What you need to do ▸
Lines from the one containing "تور ترکیه شهر وان" through the end of the listing are what is wanted, given again exactly with both ends included and pictures left out.

Given material ▸

------------------------------------------------

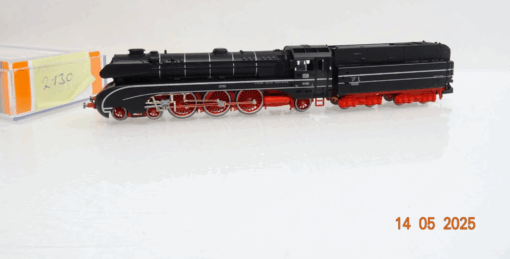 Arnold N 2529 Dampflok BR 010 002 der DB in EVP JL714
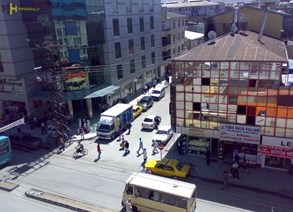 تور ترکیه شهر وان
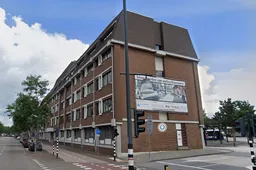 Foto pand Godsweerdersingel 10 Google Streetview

------------------------------------------------

Solution to this problem ▸
 تور ترکیه شهر وان
 Foto pand Godsweerdersingel 10 Google Streetview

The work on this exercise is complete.